» WORK TO COMPLETE:
With pictures removed, the data below should be returned exactly.

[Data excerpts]
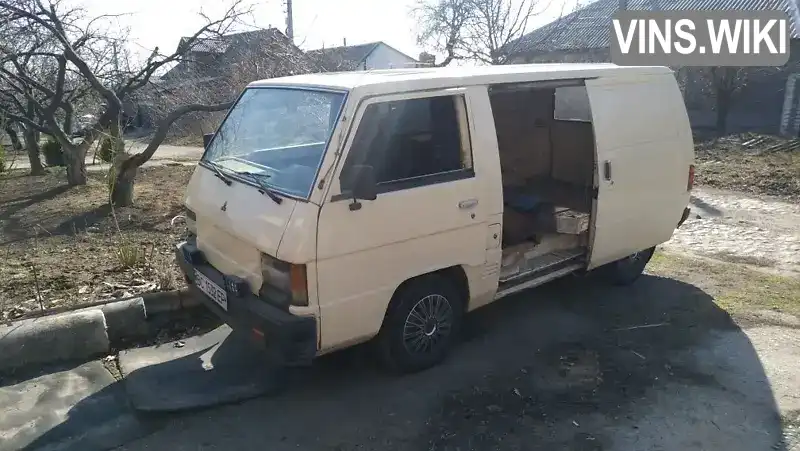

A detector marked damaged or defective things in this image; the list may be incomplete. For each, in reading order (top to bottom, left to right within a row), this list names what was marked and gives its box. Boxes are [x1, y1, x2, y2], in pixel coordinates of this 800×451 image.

cracked windshield [203, 88, 344, 198]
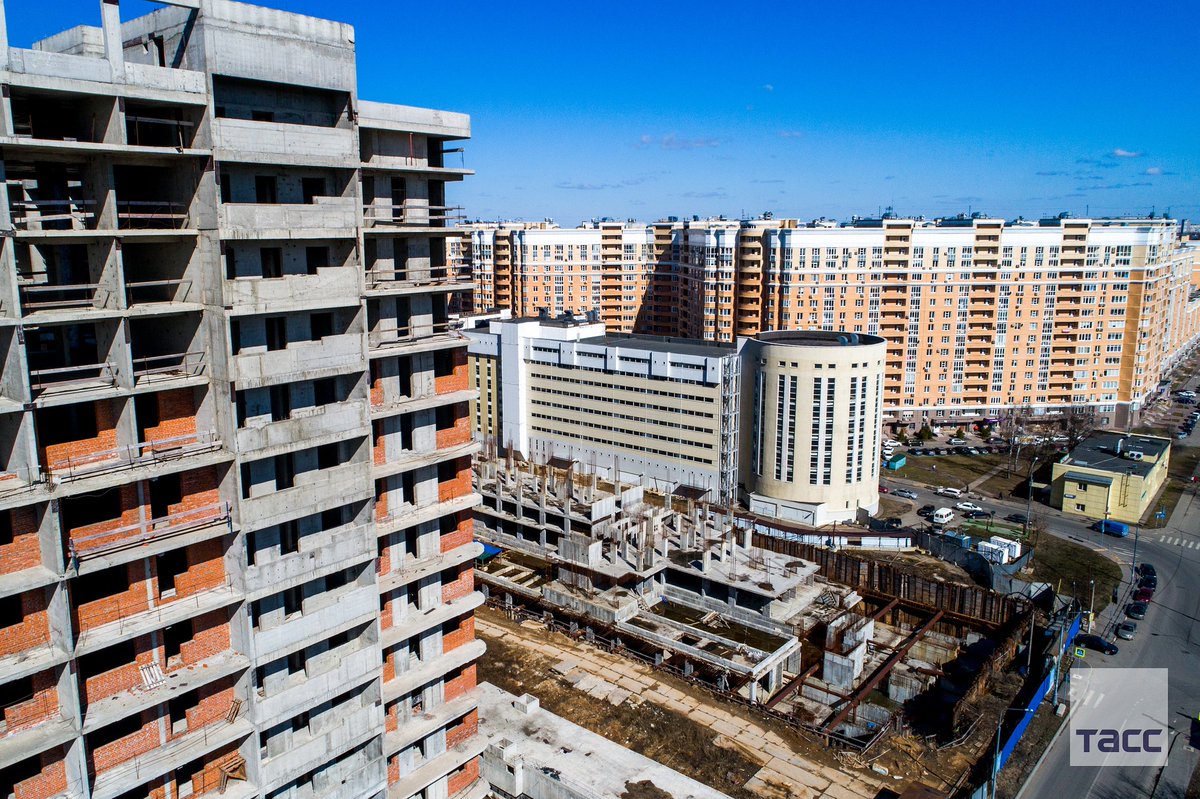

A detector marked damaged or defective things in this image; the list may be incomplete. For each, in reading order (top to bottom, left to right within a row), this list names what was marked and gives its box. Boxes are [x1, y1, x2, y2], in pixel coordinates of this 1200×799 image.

rusty steel beam [763, 657, 820, 710]
rusty steel beam [820, 607, 940, 729]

» EXERCISE ANSWER:
A detector marked damaged or defective things in this image; the list may be incomplete. For each, in reading order (top to bottom, left to right within a row), this list names what was marked and gives its box. Boxes are [x1, y1, x2, y2], in pixel coordinates of this 800×451 image.

cracked windshield [203, 88, 344, 198]

A detector marked damaged or defective things in this image; the list may be incomplete. For each, in reading order (top to bottom, left to right within a row), this list names what was marked and gives its box. Boxes are [x1, y1, x2, y2], in pixel coordinates of this 1200×799 image.

rusty steel beam [763, 657, 820, 710]
rusty steel beam [820, 607, 940, 729]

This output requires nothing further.